» **TASK DESCRIPTION**
Below are the records; extract from them the line containing "Hello lead coders, today" to the line containing "When a die is", both lines included, exactly and with no pictures.

» **SOURCE INFORMATION**
● ● ● ● ● ● ●

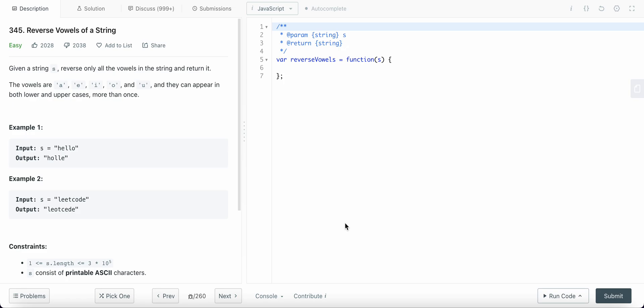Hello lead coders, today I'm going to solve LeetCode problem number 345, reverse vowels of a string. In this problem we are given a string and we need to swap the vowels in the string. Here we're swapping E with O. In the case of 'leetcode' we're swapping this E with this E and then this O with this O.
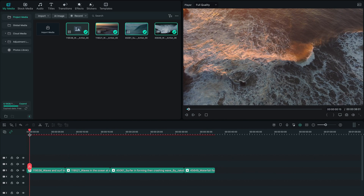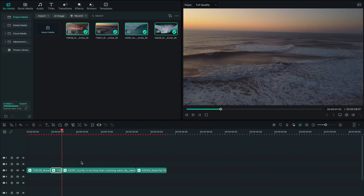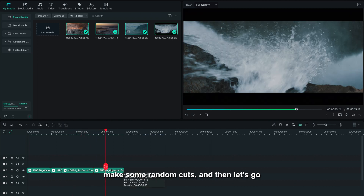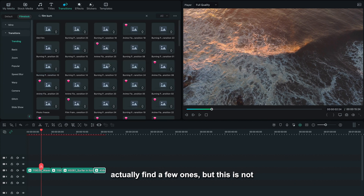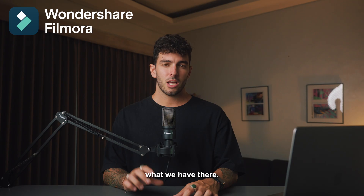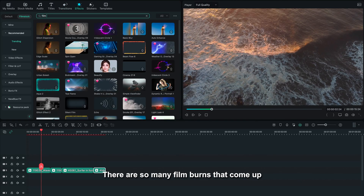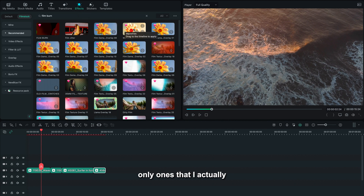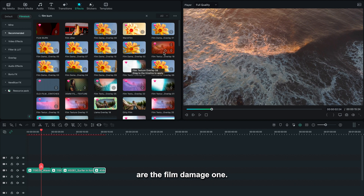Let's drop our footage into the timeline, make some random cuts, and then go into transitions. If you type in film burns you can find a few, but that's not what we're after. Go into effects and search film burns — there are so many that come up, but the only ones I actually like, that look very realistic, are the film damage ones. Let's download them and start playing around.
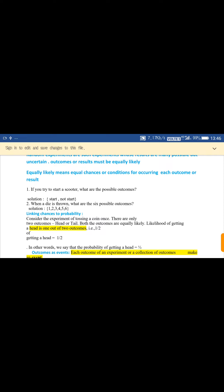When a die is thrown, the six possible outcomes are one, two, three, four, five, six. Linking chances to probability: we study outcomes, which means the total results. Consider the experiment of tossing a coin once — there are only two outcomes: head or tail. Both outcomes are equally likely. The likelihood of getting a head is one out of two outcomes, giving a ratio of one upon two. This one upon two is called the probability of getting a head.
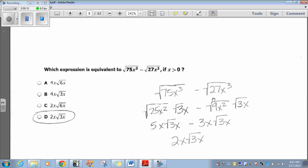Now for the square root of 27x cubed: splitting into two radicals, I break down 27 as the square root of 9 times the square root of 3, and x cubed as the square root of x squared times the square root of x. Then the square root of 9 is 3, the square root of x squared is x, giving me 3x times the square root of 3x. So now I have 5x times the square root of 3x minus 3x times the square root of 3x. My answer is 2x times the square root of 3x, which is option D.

● ● ● ● ● ● ●

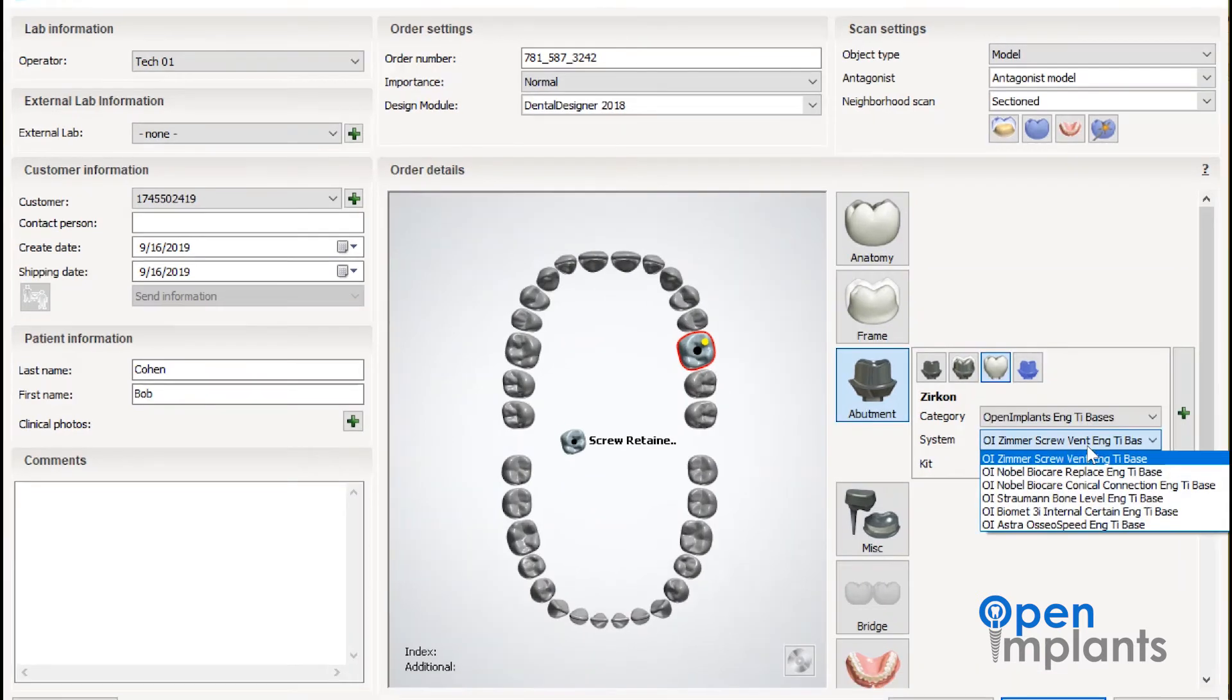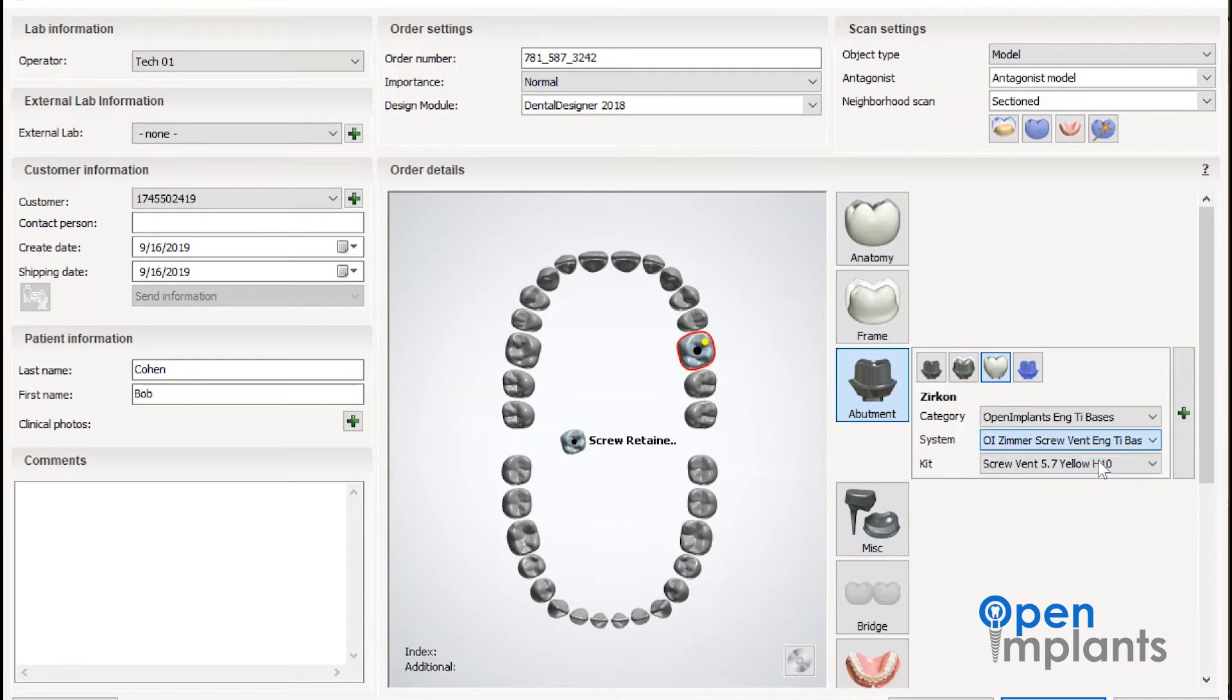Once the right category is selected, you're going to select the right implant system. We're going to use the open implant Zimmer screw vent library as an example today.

● ● ● ● ● ● ●

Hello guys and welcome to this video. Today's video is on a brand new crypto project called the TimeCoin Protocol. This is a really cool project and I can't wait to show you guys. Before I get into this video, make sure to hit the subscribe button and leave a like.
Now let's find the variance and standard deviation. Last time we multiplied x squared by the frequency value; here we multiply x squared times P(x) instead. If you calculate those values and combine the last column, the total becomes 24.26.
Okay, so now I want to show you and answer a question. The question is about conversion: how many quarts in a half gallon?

● ● ● ● ● ● ●

» **EXERCISE RESULT**
Hello lead coders, today I'm going to solve LeetCode problem number 345, reverse vowels of a string. In this problem we are given a string and we need to swap the vowels in the string. Here we're swapping E with O. In the case of 'leetcode' we're swapping this E with this E and then this O with this O.
Let's drop our footage into the timeline, make some random cuts, and then go into transitions. If you type in film burns you can find a few, but that's not what we're after. Go into effects and search film burns — there are so many that come up, but the only ones I actually like, that look very realistic, are the film damage ones. Let's download them and start playing around.
When a die is thrown, the six possible outcomes are one, two, three, four, five, six. Linking chances to probability: we study outcomes, which means the total results. Consider the experiment of tossing a coin once — there are only two outcomes: head or tail. Both outcomes are equally likely. The likelihood of getting a head is one out of two outcomes, giving a ratio of one upon two. This one upon two is called the probability of getting a head.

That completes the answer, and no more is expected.